Kommt jetzt die Wasserstoffwirtschaft?

Prof. Dr.-Ing. Karsten Lemmer

Wie, warum jetzt und weshalb wir? Mit Wasserstoff gegen die Klimakrise. Prof. Dr. Karsten Lemmer, DLR-Vorstandsmitglied für Energie und Verkehr, im Kurzinterview.


Wasserstoff ist keine neue Entdeckung – warum soll ihm gerade jetzt der Durchbruch gelingen?

Nachhaltig erzeugter Wasserstoff hat das Potenzial, der zentrale Baustein für ein Energie- und Verkehrssystem mit massiv reduzierten Treibhausgasemissionen zu sein.
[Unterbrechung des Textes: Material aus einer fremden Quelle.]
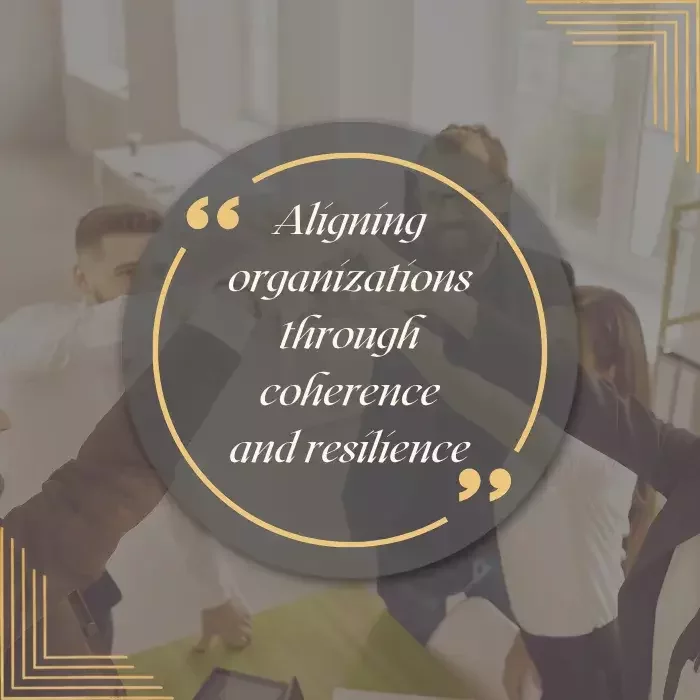 The Nervous System of a Company: Organizational Coherence in a Fragmented World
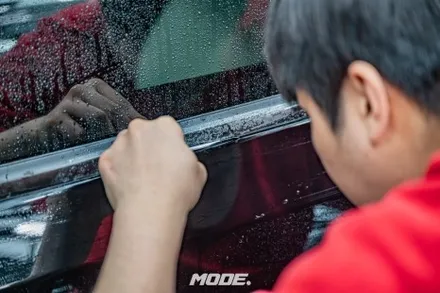 테슬라 모델 Y 전체 PPF 작업으로 도장면 완벽하게 보호하기! 분당 모드개러지 / 성남 분당, 서현, 판교,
Im Gegensatz zu früher haben wir heute die Technologien und die weltweite Vernetzung – und durch den Klimawandel auch den dringenden Bedarf –, um die Nutzung grünen Wasserstoffs voranzutreiben. Wasserstoff kann direkt genutzt oder gespeichert werden oder die Basis zur Herstellung von flüssigen, nachhaltigen Brennstoffen bilden. Er wird schon lange erfolgreich beforscht, nur sind jetzt mutige Ansätze gefragt, Wasserstoff in großem Maßstab einzusetzen. Dafür hat die Bundesregierung mit der Nationalen Wasserstoffstrategie einen guten Anstoß gegeben. Deutschland kann für eine globale Wasserstoffwirtschaft eine Vorreiterrolle einnehmen. Das ist sowohl für das Klima als auch für den Wirtschafts- und Wissenschaftsstandort ein wichtiger Schritt.


Was brauchen Forschung und Unternehmen für den Aufbau einer Wasserstoffwirtschaft?
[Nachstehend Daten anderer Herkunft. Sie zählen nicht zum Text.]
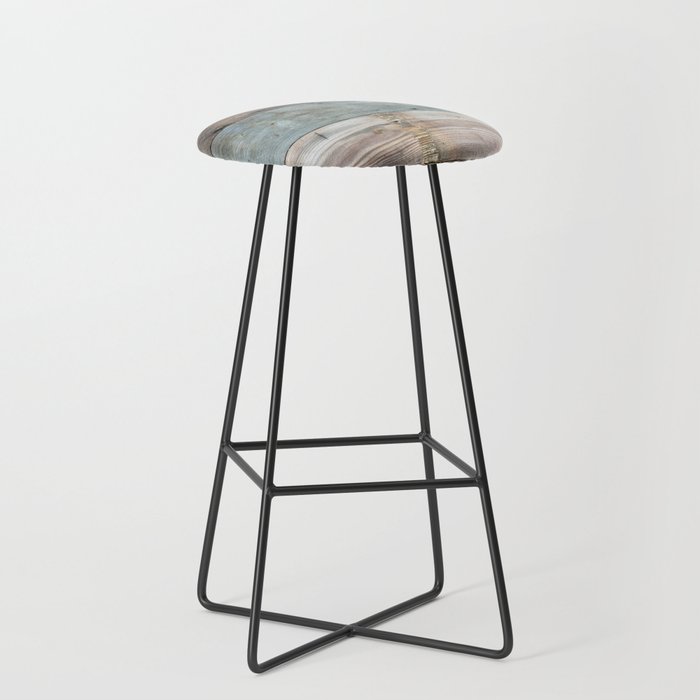 Rustic teal hotsell bar stools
Jetzt muss massiv in Technologien und Demonstration, aber auch weiter in grundlegende Forschung investiert und die Rahmenbedingungen für eine breite Markteinführung geschaffen werden. Wichtig ist zu verstehen, dass es ein internationales Thema ist. Wir werden es nicht schaffen, die Menge an grünem Wasserstoff, die für Energiewirtschaft, Industrie und Mobilität benötigt wird, in Deutschland zu erzeugen. Es werden internationale Lösungen gebraucht. Um außerdem das eigene Erzeugungspotenzial auszuschöpfen und Technologien weiter zu erforschen, muss der Ausbau der erneuerbaren Energien voranschreiten. Außerdem sollten kurzfristig große Elektrolysesysteme in Deutschland installiert werden. Damit kann die Technologieführerschaft auf- und die Verteilinfrastruktur ausgebaut werden. Ergänzend sollte eine großskalige Wasserstoffproduktion in sonnenreichen Ländern etabliert werden. Solarthermische Verfahren haben das höchste Potenzial, die Produktionskosten drastisch zu senken. Für die Verteilung muss dann eine globale Wasserstofflogistik entstehen. Zur Etablierung von wasserstoffbasierten Antrieben in der Mobilität sind neben Kostenbetrachtungen auch die Verbesserung von Infrastruktur und Produktangebot nötig. Und nicht zuletzt muss auch der Gesetzgeber aktiv werden. Nur effektive Markteinführungsinstrumente und Anreizsysteme können dafür sorgen, dass der grüne Wasserstoff seinen Beitrag für die Energie- und Mobilitätswende leisten kann.


Welche Unterstützung kann das DLR beim Aufbau einer Wasserstoffwirtschaft leisten?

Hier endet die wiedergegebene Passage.